BY: Wanting to write more music was one of the big reasons that I stopped competing. I feel that music can be a big voice for change and the more I’ve played, the more I’ve felt I have to say.
I think that everyone thinks that if you’re a surfer playing an acoustic guitar you’ve got to sound like Jack Johnson. He’s an amazing guy but I’m at a different end of the spectrum. I’m not good at being boxed in and I think that my latest album is a good example of that. There’s eighties Eurythmics/Talking Heads driven-stuff and there’s all-out rock and there’s pop and there’s Americana… I’m not in one lane, creatively, but it feels natural to me.
CT: Who would you say has influenced your music?
BY: Bob Dylan, massively. JJ Cale, Paul Simon, Tracy Chapman, Talking Heads, John Cougar, Steve Earl, Tom Petty, Neil Young. On the slightly heavier side, The Cult. I listen to a lot of jazz too.
CT: When is your new album coming out?
BY: We’re going to do some single releases by the middle of the year so the album may be the end of year. I know that people have short attention spans these days and don’t even necessarily listen to full albums, but I’m going to do it anyway and make a vinyl record!
CT: What are your other plans for 2023? Would you do more contests?
BY: The ego in me might like to compete but the real me doesn’t. I love seeing Ben Skinner and Taylor and Joel and all those guys surf, and I love seeing the young guys coming through. They’re great people to be around but I just don’t like the way that competition environments make me feel. I don’t have it in me anymore.
CT: What was your most memorable contest?
BY: A tube-riding event in Puerto Escondido in 1999. It was a serious rising hurricane swell that day but they wanted to prove a point that longboards could ride anything that shortboards could, so they sent us out anyway. Myself and the other guy in the final paddled for a twelve footer, missed it, and turned around to a freak obscuring the horizon. We almost got caught. My three fin Volan triple stringer got dragged eighty feet and broke in three pieces and I thought that if the wave had got me I would have died there and then, because it was only about a foot and a half deep. We couldn’t go in but we managed to get back to the boat on the outside which took us back to the harbour. I remember I kissed the sand and called my grandmother to tell her I’d had this near-death experience and wanted her to know that I loved her very much.
It stands out as the monumental contest for me because it was life and death and Mother Nature being the almighty power.
CT: Wow, I wasn’t expecting that! On a lighter note, what would be your dream surf trip?
BY: Well, I’ve always been torn between the two aspects of surf trips. I love Europe and its history, so the best surf trip could be Italy, for example, because of its history and people. But when it comes to waves, I’d have to say Northern Indonesia. I got to experience waking up to six to eight foot perfection there, by fluke after our boat broke down overnight! Absolutely no-one was around except me and my friends. I think that’s the ideal.
CT: Left or right?
BY: Right. I get that there might be a little tug-of-war out on the boat with all my goofy mates though!

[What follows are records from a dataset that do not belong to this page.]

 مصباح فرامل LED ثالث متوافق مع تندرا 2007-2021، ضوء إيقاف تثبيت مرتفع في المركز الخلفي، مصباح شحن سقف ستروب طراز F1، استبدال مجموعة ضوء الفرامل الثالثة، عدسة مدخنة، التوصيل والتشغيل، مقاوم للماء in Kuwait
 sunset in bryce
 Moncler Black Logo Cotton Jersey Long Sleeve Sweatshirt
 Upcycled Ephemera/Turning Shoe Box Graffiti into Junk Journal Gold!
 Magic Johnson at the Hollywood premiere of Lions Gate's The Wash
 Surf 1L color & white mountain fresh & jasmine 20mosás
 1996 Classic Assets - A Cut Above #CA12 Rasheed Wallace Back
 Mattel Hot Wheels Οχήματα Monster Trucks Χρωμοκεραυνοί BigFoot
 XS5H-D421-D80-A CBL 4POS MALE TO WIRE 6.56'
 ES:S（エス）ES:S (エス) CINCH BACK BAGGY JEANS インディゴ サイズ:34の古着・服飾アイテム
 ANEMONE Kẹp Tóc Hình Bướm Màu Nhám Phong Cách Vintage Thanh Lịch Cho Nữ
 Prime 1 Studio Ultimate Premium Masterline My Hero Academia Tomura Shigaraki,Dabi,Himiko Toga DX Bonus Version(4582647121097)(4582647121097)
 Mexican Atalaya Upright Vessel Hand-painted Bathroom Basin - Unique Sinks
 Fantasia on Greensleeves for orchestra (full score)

CT: Finally, why do you think that longboarding is continuing to surge in popularity on a global scale?
BY: Well, I see the world through a musical lens a lot and I think that surfing has gone through phases of being trapped in a genre. Like, why does it all have to be pop? Why can’t it be jazz? I think there’s a lot of factors that have influenced its popularity but overall, the surfing world has opened up with its shapes and styles. It’s so special to see. And it’s about freakin’ time! It allows for individuality and the more individuality the better.